50 Essential Spanish phrases to learn for your trip

50 Essential Spanish phrases to learn for your trip


Here are a few Spanish phrases you may find helpful as you travel

 ¡Hola! – Hello

  •  Por favor – please

    • (por fa-vor)

  •  Gracias – thank you

    • (GRA-thee-as [Spain] / GRA-see-as [Latin America])

If you get stuck in your Spanish conversation, you can always fall back on these next two phrases to get you out of trouble.

  •  Yo (no) entiendo – I (don’t) understand

    • (yo no en-tee-EN-doh)

  •  ¿Habla inglés? – Do you speak English?

    • (Ab-la in-GLAYS)

The Verb Querer (To Want)

Once you’ve finished greeting someone, you’ll need to be able to move on to the crux of your conversation and to do that you’ll need to learn a couple of common verbs.

There are hundreds of Spanish verbs to learn and, to make your life more difficult, these verbs conjugate (change form).

This means learning a verb is never as simple as learning one word; you have to learn multiple different forms.

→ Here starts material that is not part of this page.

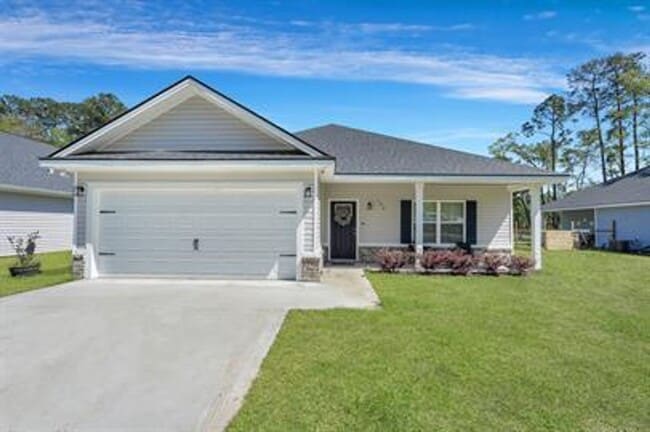 Building Photo - 165 Pineland Rd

Having said that, you might be surprised by how far you can get only knowing one simple verb: I want.

It may not make you the most sophisticated Spanish speaker but 9 times out of 10 it will get you what you, well, want.

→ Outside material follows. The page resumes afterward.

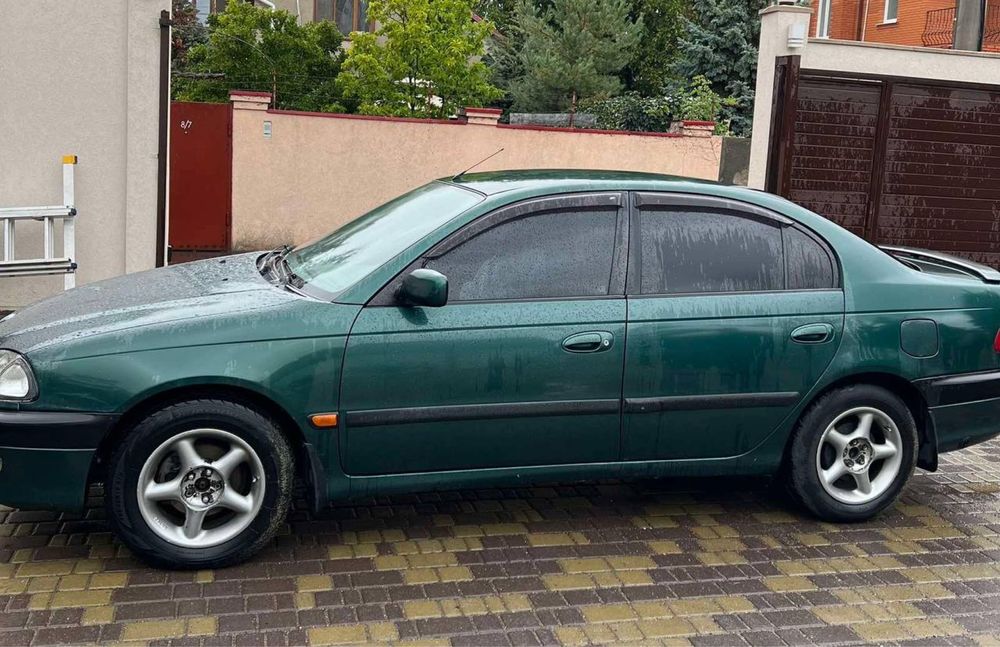 Продам авто Toyota Avensis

The verb in question is querer (to want) and in the first person form, it becomes quiero (I want).

Let’s take a look at how you can use it:

  • Yo quiero un menu – I want a menu

    • (YO kee-EH-ro oon me-noo)

  • Yo quiero un taxi – I want a taxi

    • (YO kee-EH-ro oon taxi)

If you’d like to be a bit more polite (which is usually a good idea), you can also use:

  •  Quisiera … – I would like … (lit. I would want)

    • (kee-see-eh-ra…)

Asking For & Understanding Directions

Whether you’re looking for the bathroom in a restaurant or trying to find a place to stay, you’ll inevitably need to ask for directions at some point during your trip.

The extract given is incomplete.